Dar apoio aos nossos filhos não precisa de ser através dos conteúdos escolares. Aliás para muitos pais essa tarefa é tão difícil que precisam de os colocar nas salas de estudo e/ou no ATL.
Algumas pistas que decorrem das conversas com as crianças, os pais/encarregados de educação e professores:
•Acreditar nas crianças, nas suas potencialidades e criatividade
•Distinguir estudar de TPC
•Promover a vontade de pensar nas coisas – ajudando assim a estruturar o pensamento tão essencial para a aprendizagem formal
• Estar presente e atento ao seu cansaço e aos seus direitos
• Dar atenção ao que elas nos dizem
• Não insistir em muitas atividades diárias sobretudo quando a criança está cansada
• Se a criança tem dificuldades de aprendizagem na escola deve resolver isso na escola, não em casa - e nesse caso, os pais devem incentivar os filhos para que recorram aos professores
• Não é qualquer um que pode ensinar conteudos disciplinares.

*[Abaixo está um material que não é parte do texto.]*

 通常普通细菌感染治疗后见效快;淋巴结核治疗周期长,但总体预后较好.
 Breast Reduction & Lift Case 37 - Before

Como não é qualquer pessoa que pode fazer uma cirurgia
embora tenha de estar atenta para cuidar da saude do seu filho/a
• Promover a autonomia (não decidir tudo por elas)
Incentivar a criança a resolver os seus problemas com os professores apoiando mas não decidindo por ela. Se ela está cansada e não quer fazer os TPC tem de saber falar sobre isso com o professor/a que a deverá esclarecer sobre o sentido do trabalho proposto
• Não desvalorizar a escola mostrando-lhes que o espaço escolar também lhes pertence
• Fazermo-nos respeitar, valorizando as atividades do quotidiano e o brincar
Se não valorizamos as culturas da infância e o brincar, como queremos que elas nos respeitem?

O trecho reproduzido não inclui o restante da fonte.